AIM OF THE TASK:
The required output is the exact run of lines from the one bearing "2001年xlh883 クラッチホルダー マスターシリンダーセット 9/16" through the final line of the listing below, with the pictures removed.

RECORDS TO USE:
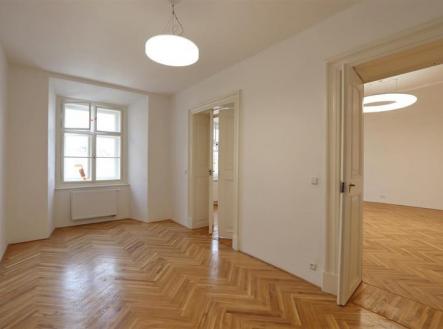 Pronájem kanceláře, 65 m²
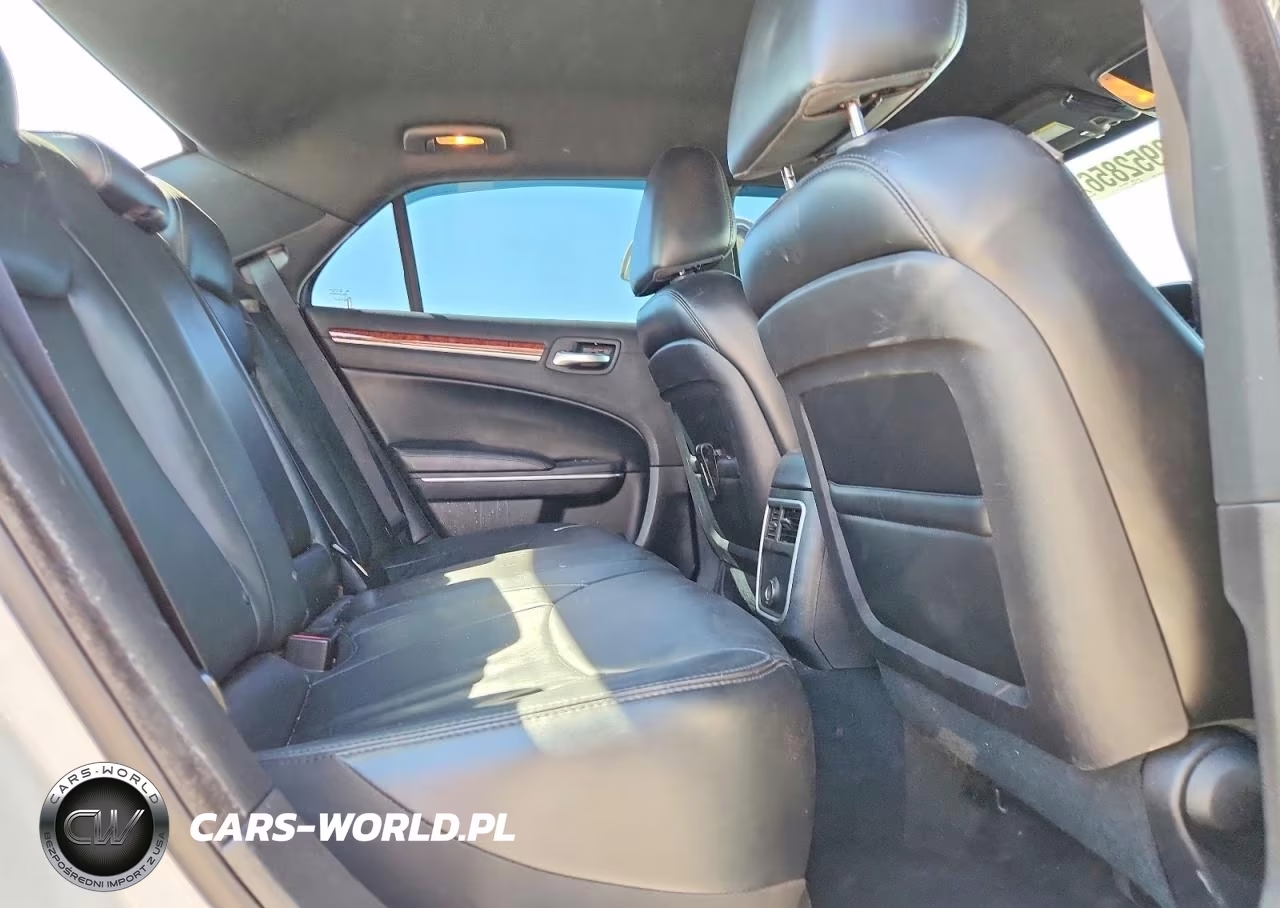2014 Chrysler 300 VIN:2C3CCAAG5EH211675 - 10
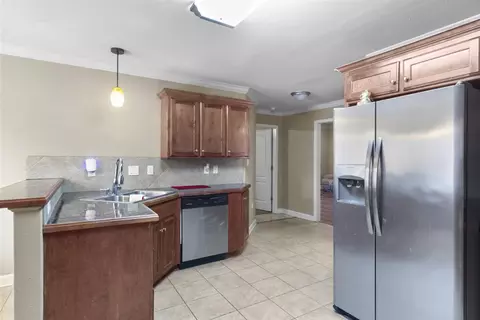 Kitchen - 2713 Richland Park Dr, Bryant, AR 72022 photo 3 of 3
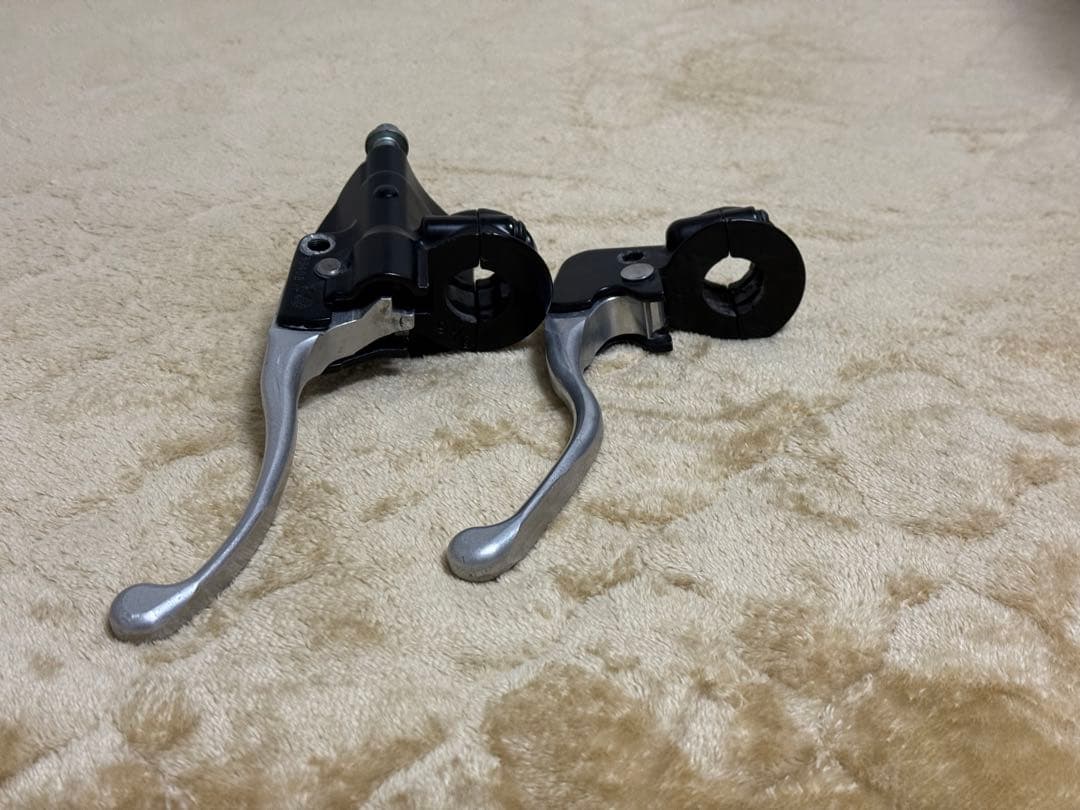 2001年xlh883 クラッチホルダー マスターシリンダーセット 9/16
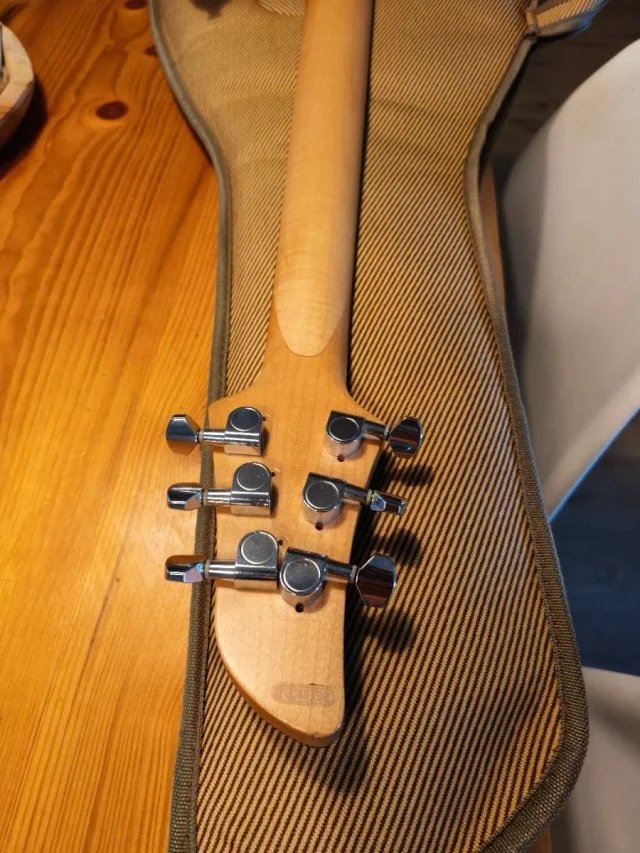Yamaha RGX 620 DZ de segunda mano · Foto 7 de 9 · Bizkaia · 299 €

EXPECTED ANSWER:
 2001年xlh883 クラッチホルダー マスターシリンダーセット 9/16
Yamaha RGX 620 DZ de segunda mano · Foto 7 de 9 · Bizkaia · 299 €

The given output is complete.